可以从图中看出,从A到最后的E,他们增加的是每一个卷积组中的卷积层数,最后D,E是我们常见的VGG-16,VGG-19模型,C中作者说明,在引入1*1是考虑做线性变换(这里channel一致, 不做降维),后面在最终数据的分析上来看C相对于B确实有一定程度的提升,但不如D、VGG主要得优势在于

  • 减少参数的措施,对于一组(假定3个,paper里面只stack of three 3*3)卷积相对于7*7在使用3层的非线性关系(3层RELU)的同时保证参数数量为3*(3^2C^2)=27C^2的,而7*7为49C^2,参数约为7*7的81%。
  • 去掉了LRN,减少了内存的小消耗和计算时间


VGG-16 tflearn实现

tflearn 官方github上有给出基于tflearn下的VGG-16的实现
from future import division, print_function, absolute_import

 import tflearn
 from tflearn.layers.core import input_data, dropout, fully_connected
 from tflearn.layers.conv import conv_2d, max_pool_2d
 from tflearn.layers.estimator import regression

 # Data loading and preprocessing
 import tflearn.datasets.oxflower17 as oxflower17
 X, Y = oxflower17.load_data(one_hot=True)

 # Building 'VGG Network'
 network = input_data(shape=[None, 224, 224, 3])

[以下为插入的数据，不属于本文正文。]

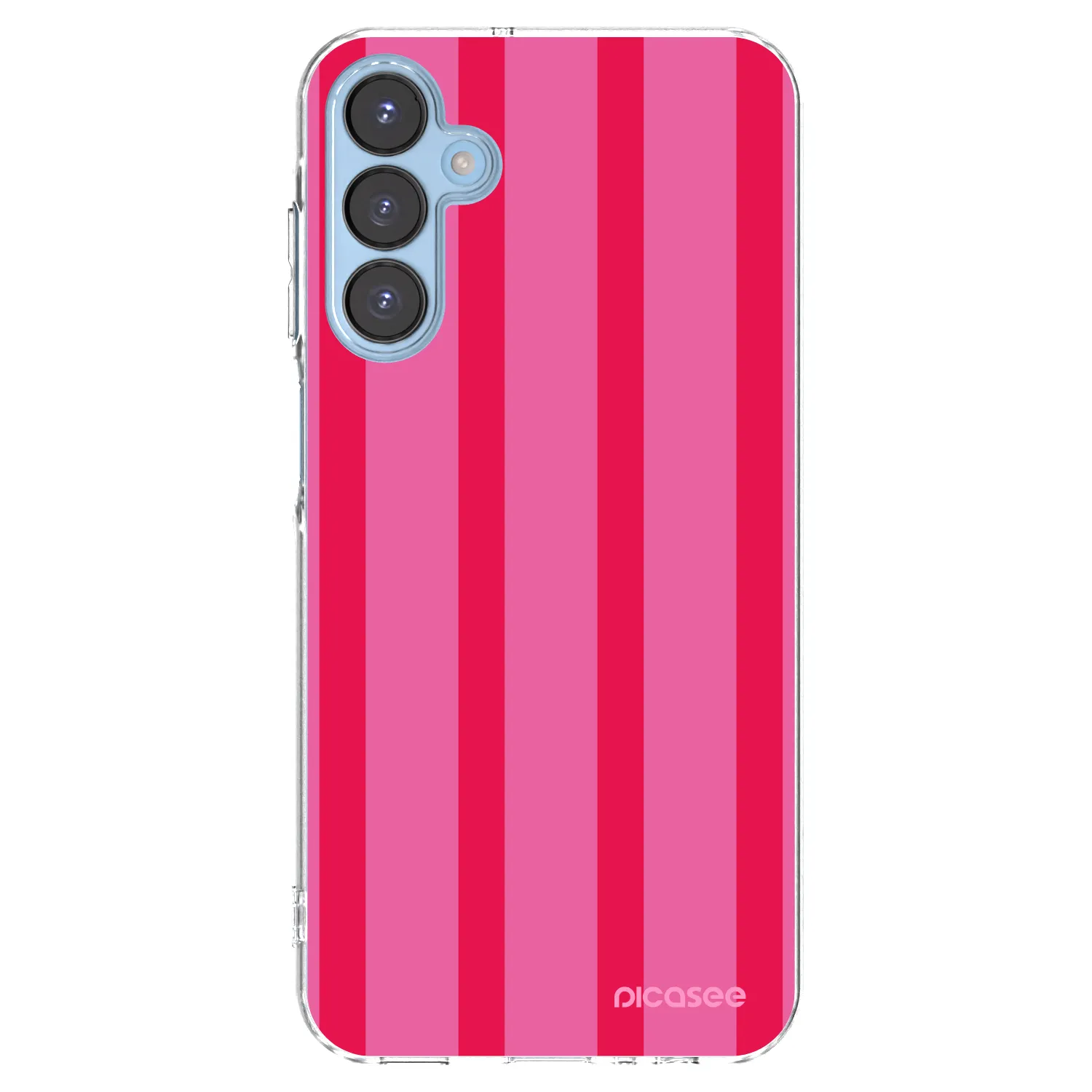 Picasee silikonový průhledný obal pro Samsung Galaxy A15 A156B 5G - Hot tropic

 network = conv_2d(network, 64, 3, activation='relu')
 network = conv_2d(network, 64, 3, activation='relu')
 network = max_pool_2d(network, 2, strides=2)

 network = conv_2d(network, 128, 3, activation='relu')
 network = conv_2d(network, 128, 3, activation='relu')
 network = max_pool_2d(network, 2, strides=2)

 network = conv_2d(network, 256, 3, activation='relu')
 network = conv_2d(network, 256, 3, activation='relu')
 network = conv_2d(network, 256, 3, activation='relu')
 network = max_pool_2d(network, 2, strides=2)

 network = conv_2d(network, 512, 3, activation='relu')
 network = conv_2d(network, 512, 3, activation='relu')
 network = conv_2d(network, 512, 3, activation='relu')
 network = max_pool_2d(network, 2, strides=2)

 network = conv_2d(network, 512, 3, activation='relu')
 network = conv_2d(network, 512, 3, activation='relu')
 network = conv_2d(network, 512, 3, activation='relu')
 network = max_pool_2d(network, 2, strides=2)

 network = fully_connected(network, 4096, activation='relu')
 network = dropout(network, 0.5)
 network = fully_connected(network, 4096, activation='relu')
 network = dropout(network, 0.5)
 network = fully_connected(network, 17, activation='softmax')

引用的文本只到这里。